Desde Los otros no había vuelto a disfrutar de Amenábar. En estos años he visto de nuevo Tesis, que sigue siendo una buena película, y Abre los ojos, de la que sólo resistió la estructura y la persona que yo era en los 90. Hay en esos dos filmes un reflejo perfecto de quiénes éramos en aquellos tiempos: un país cutre que se creía moderno, el desembarco en los tiempos líquidos y en el nihilismo, el deslizamiento de la fiesta frívola y alegre hacia la bacanal sórdida, la sensación de esa amenaza mayor, paranoica, que a menudo acontece cuando se conquista la seguridad sin haber perdido el miedo. Amenábar era a los 90 lo que Almodóvar a los 80 y Saura a los 70 y finales de los 60: directores que captaron muy bien el Zeitgeist.
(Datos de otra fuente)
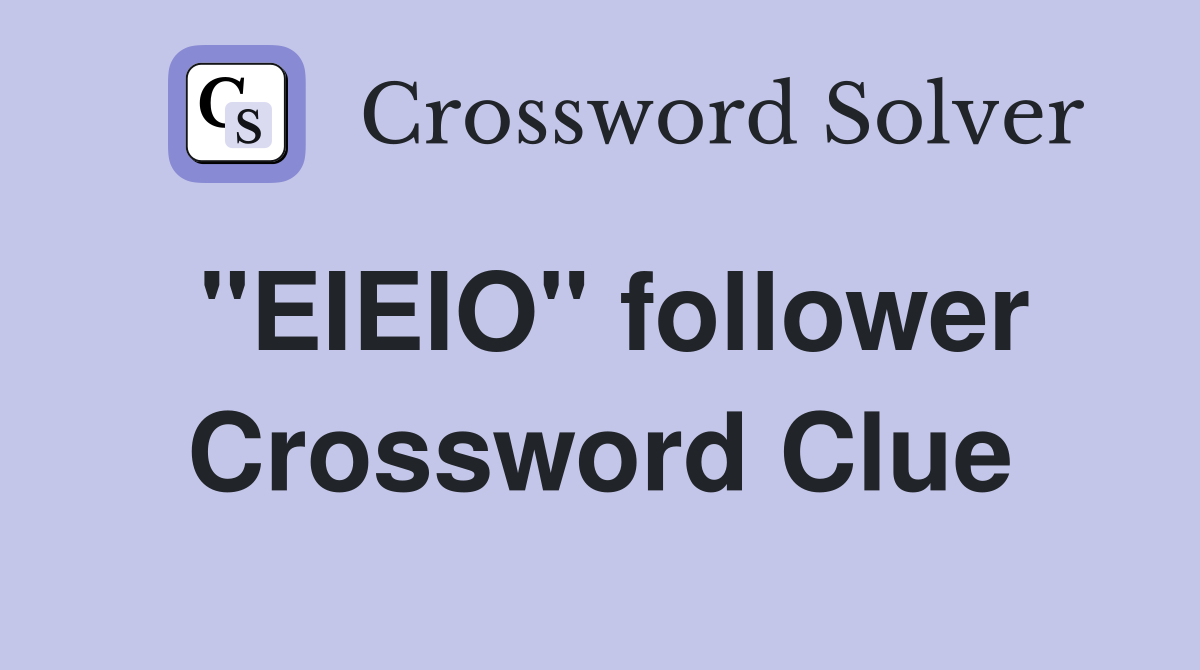 "EIEIO" follower Crossword Clue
Pero decía que no era una película más sobre la guerra civil y que por eso me ha gustado. Aquí mis razones:
Primera: es un filme claramente posicionado sin que ese posicionamiento implique caer en el simplismo de los buenos y los malos, lo que España es todo un mérito. Unamuno, magistralmente interpretado por Karra Elejalde, tiene en su polo opuesto, Millán Astray, no a un imbécil malvado, sino a un líder complejo y carismático. Eso no significa que se le justifique —en esta película no se justifica a nadie, ni siquiera a Unamuno, cuya ceguera no se esconde—. Por cierto que la interpretación de Eduard Fernández del fundador de la Legión es para quitarse el sombrero. Él y Elejalde habrían incluso salvado el largometraje no de ser una película más de la guerra civil si Amenábar la hubiese planteado en esos términos, pero sí de ser una película mala.
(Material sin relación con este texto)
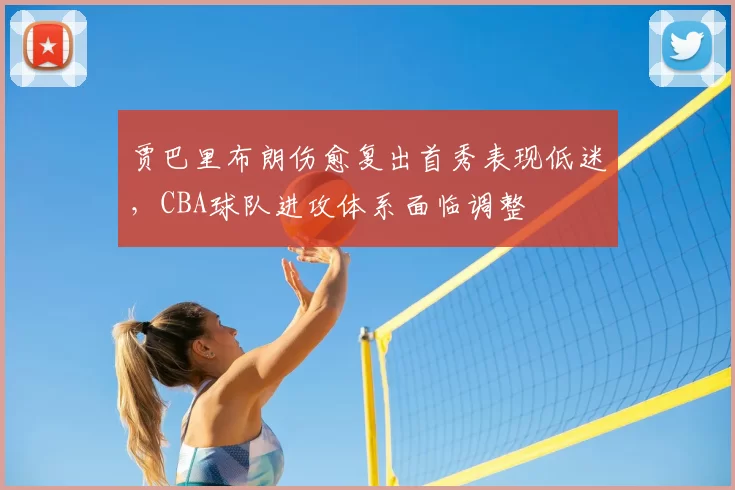 贾巴里布朗伤愈复出首秀表现低迷,CBA球队进攻体系面临调整
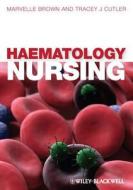 Haematology Nursing di Brown edito da John Wiley & Sons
Segunda: el filme me parece meritorio porque apela desde un lugar inhabitual a los dos bandos, el de la necesidad de la persuasión —que no es lo mismo que la seducción—. En este país, donde la ilustración nunca llegó y los modos de apelación al otro son los del dogma tras siglos de un catolicismo tan obtuso como las élites económicas que lo validaron, alzar la bandera de la mesura, el análisis, la comprensión y el diálogo en vez de la del hooliganismo no es poca cosa.
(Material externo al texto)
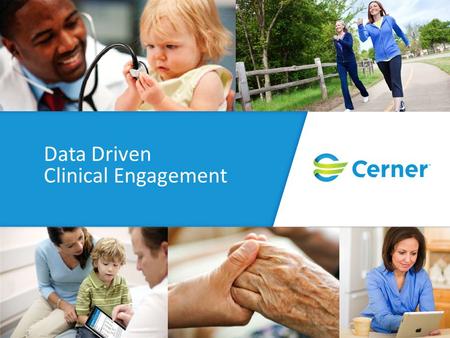 Data Driven Clinical Engagement. © Cerner Corporation. All rights reserved. This document contains Cerner confidential and/or proprietary information.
Tercera: Mientras dure la guerra llega a una conclusión tristemente válida a día de hoy, a saber: mientras unos y otros andan dogmáticamente a la gresca, sin querer ponerse de acuerdo en asuntos fundamentales, quien consigue el poder es el silencioso, arribista y mediocre Francisco Franco, que no duda en hacer una buena purga y renunciar a cualquier principio para agarrar el cetro. Cuando una sociedad está muy polarizada y ambos bandos no sólo no dialogan, sino que quieren anularse el uno al otro (las dos caras de una misma moneda, dice el Unamuno de la peli), al final dejan el camino libre a los arribistas, que se convierten en la única vía del medio, a los oportunistas que no tienen escrúpulos ni convicciones profundas, y que sólo buscan escalar con disimulo para quedarse con todo el pastel. ¿Les suena? A mí sí, pues ahí seguimos. No hay más que ver a los líderes políticos actuales. A todos sin excepción. Así continuaremos mientras siga durando la guerra.